* **Exercise data**
--------

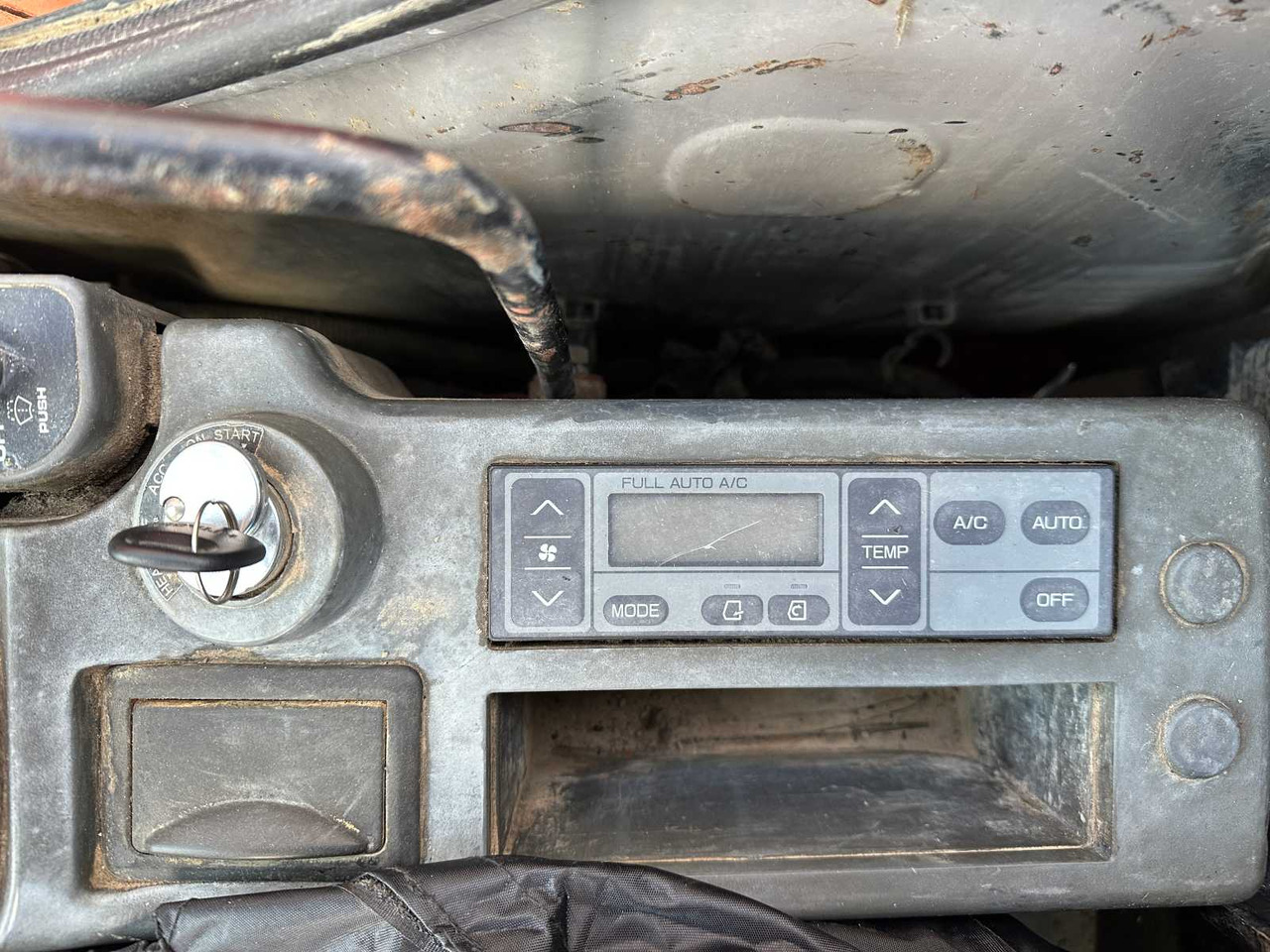 Гусеничный экскаватор Hitachi ZX70LC: фото 32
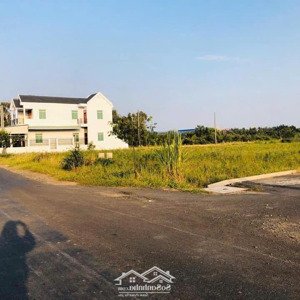 cần tiền bán gấp lô đất ngay khu dân cư bến lức long an giá rất rất tốt. lh: ms đào
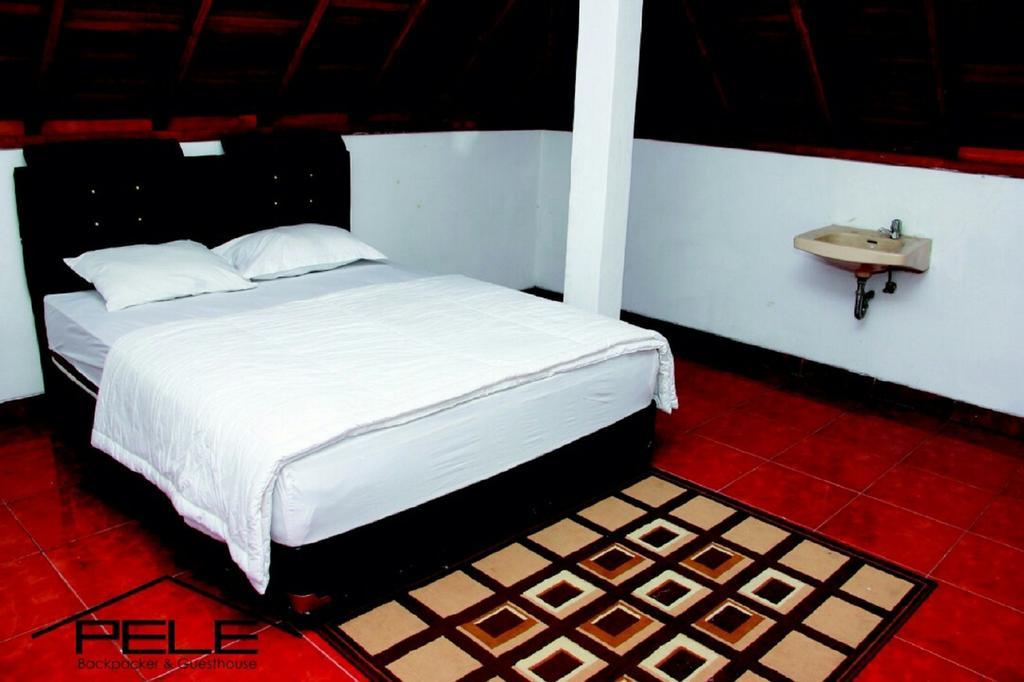 Pele Guesthouse 반둥 외부 사진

--------

* **What to produce**
The listing above must be restated word for word. Its pictures are to be left out.

* **Answer to the exercise**
 Гусеничный экскаватор Hitachi ZX70LC: фото 32
 cần tiền bán gấp lô đất ngay khu dân cư bến lức long an giá rất rất tốt. lh: ms đào
 Pele Guesthouse 반둥 외부 사진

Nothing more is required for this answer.